Member of the Texas House of Representatives from the 35th district
- In office January 12, 1993 – January 14, 2003
- Preceded by: Eddie Cavazos
- Succeeded by: Gabi Canales (Redistricting)

Member of the Texas House of Representatives from the 37th district
- In office January 11, 1983 – January 12, 1993
- Preceded by: Wilhelmina Ruth Delco
- Succeeded by: René Orlando Oliveira (Redistricting)

Member of the Texas House of Representatives from the 49th district
- In office January 11, 1977 – January 11, 1983
- Preceded by: Greg Montoya
- Succeeded by: Gerald Hill (Redistricting)

Personal details
- Born: May 15, 1931 Starr County, Texas, U.S.
- Died: March 18, 2003 (aged 71) Austin, Texas, U.S.
- Resting place: Texas State Cemetery
- Party: Democratic
- Alma mater: Texas A&M University–Kingsville St. Mary's University Law School
- Occupation: Activist, educator, lawyer

= Irma Lerma Rangel =

American politician

Irma Lerma Rangel (May 15, 1931 - March 18, 2003) was an attorney and Democratic state legislator based in Kingsville, Texas. She was the first Mexican-American woman elected to serve in the Texas House of Representatives and the first Mexican-American female attorney in Kingsville.

==Life==
She was the youngest of three daughters.
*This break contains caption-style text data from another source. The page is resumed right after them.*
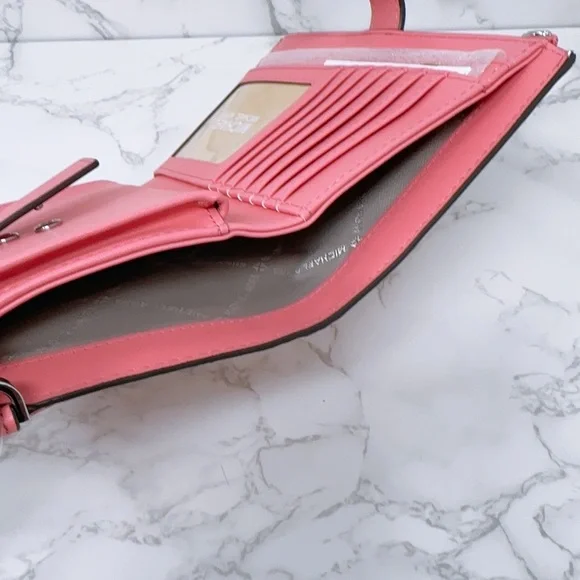 Michael Kors wallet - Picture 10 of 10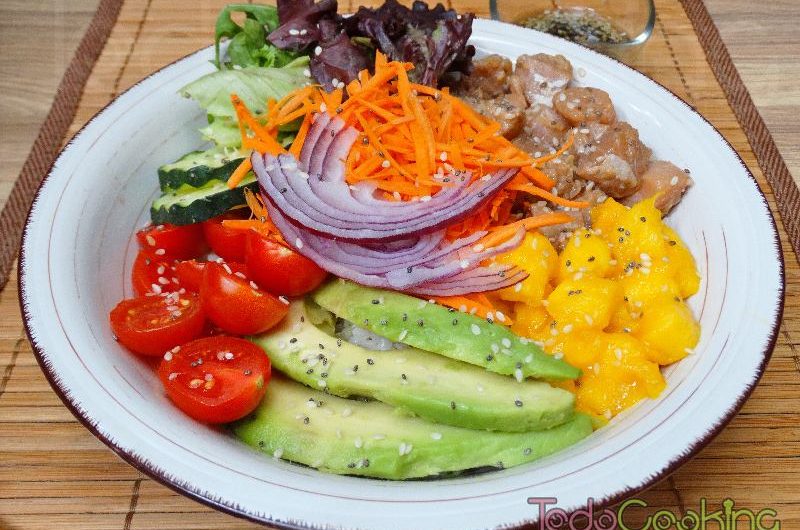 Poke bowl de salmón. Ensalada hawaina saludable y fácil!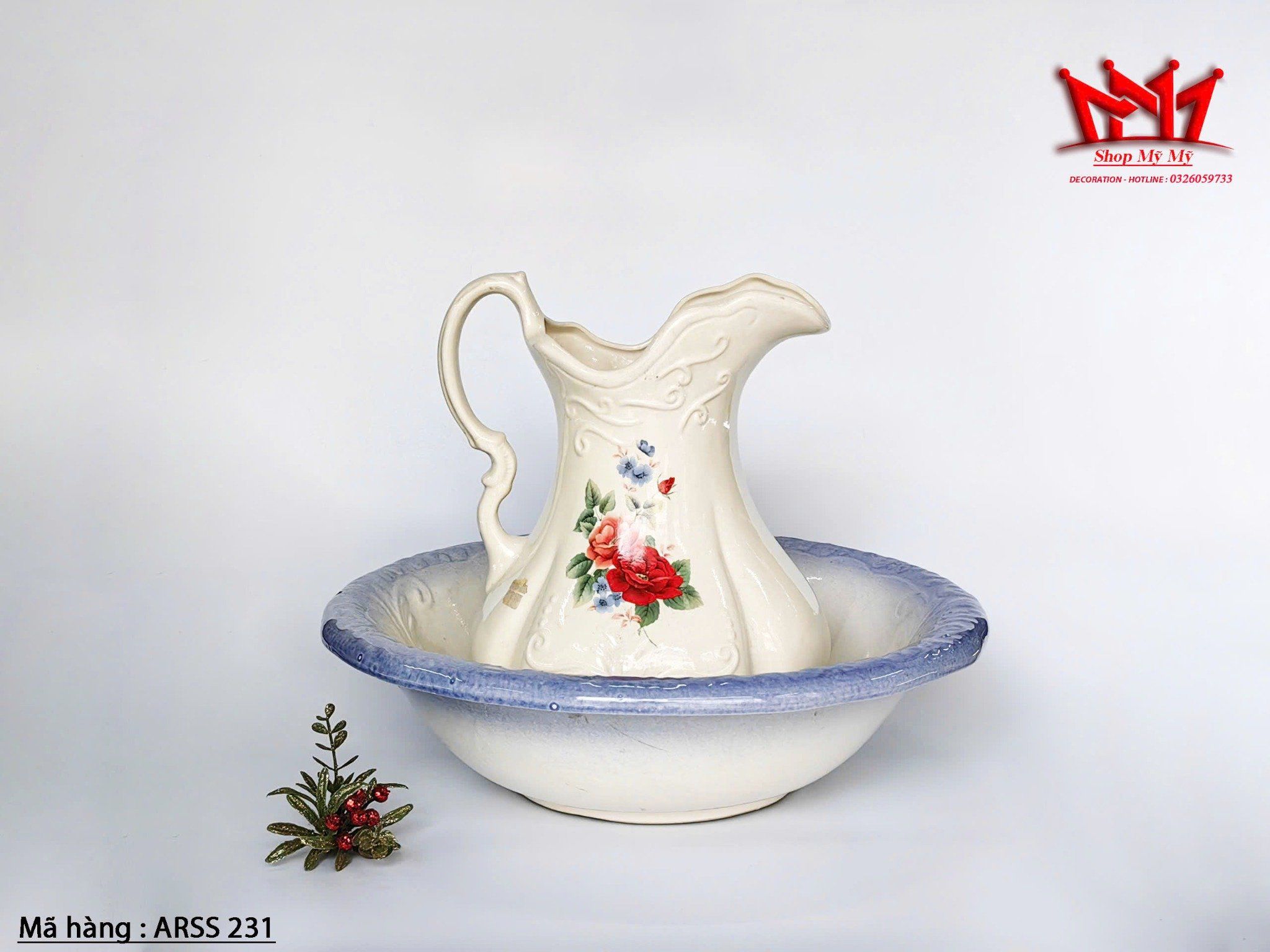 Bộ chậu nước xưa bằng gốm sứ cổ điển của Anh.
Her father, Presciliano Martinez Rangel, from Duval County, had been orphaned at an early age and was able to attend school for only one year. Her mother, Herminia Lerma, moved with her parents from Starr County to Kingsville. Presciliano worked in farming, ranching, construction, and business. He became a merchant and owned an appliance store, a furniture store, a plumbing service, two barber shops, and a bar. He helped his wife build a successful dress shop located just off the main street of Kingsville, not restricted to the "Mexican side" of town. In 1947, when Rangel was a teenager, her parents were able to buy some land near Texas College of Arts and Industries and hoped to build a home. But the land was in the "Anglo-white" district and the neighbors organized against allowing a "Mexican" family to build in their neighborhood. Ultimately, the family was allowed to design and build the Spanish Colonial style house across from the college campus that Rangel called home until her dying day. Rangel and her sisters grew up in Kingsville, attending the Mexican Ward School for the elementary grades, and the town's only integrated high school.

Rangel and her youngest sister decided to attend the Texas College of Arts and Industries, now Texas A&M University–Kingsville. After graduating with degrees in education, Rangel began teaching in the neighboring community of Robstown. Then she and her oldest sister, Olga, decided to become teachers in an overseas program in Venezuela. This determination to be of service to society and fight for good causes impelled Rangel to return to Texas and attend St. Mary's University Law School. She went on to become one of the first Hispanic female law clerks. After her clerkship with U.S. District Judge Adrian Spears, she became one of the first Hispanic women assistant district attorneys in Texas by working in the District Attorney's office in Nueces County. She returned to Kingsville, where she opened her own law practice and was the only Hispanic woman attorney in the city.

==Career in politics==
In 1974, Rangel began her life in politics by running for, and winning, the chairmanship of the Kleberg County Democratic Party. She had more ambitious goals and decided to run for a seat in the Texas House of Representatives. She ran for and won the seat that would make her the only Hispanic woman in the legislature.
On January 11, 1977, Rangel was sworn in as a member of the Texas House of Representatives from the 49th district. In 1993, she closed her successful law practice in order to serve her district as a legislator full-time. Upon her death on March 17, 2003, the Mexican American Legislative Caucus of the Texas House issued a news release, which summarized her legislative career. In 1993, she secured $460 million for the South Texas Border Initiative. In the last legislative session, Representative Rangel passed a bill creating the first professional school in South Texas — Texas A&M Health Science Center - Irma Lerma Rangel College of Pharmacy. In 1995, Speaker Pete Laney appointed Rangel Chair of the Texas House Committee on Higher Education.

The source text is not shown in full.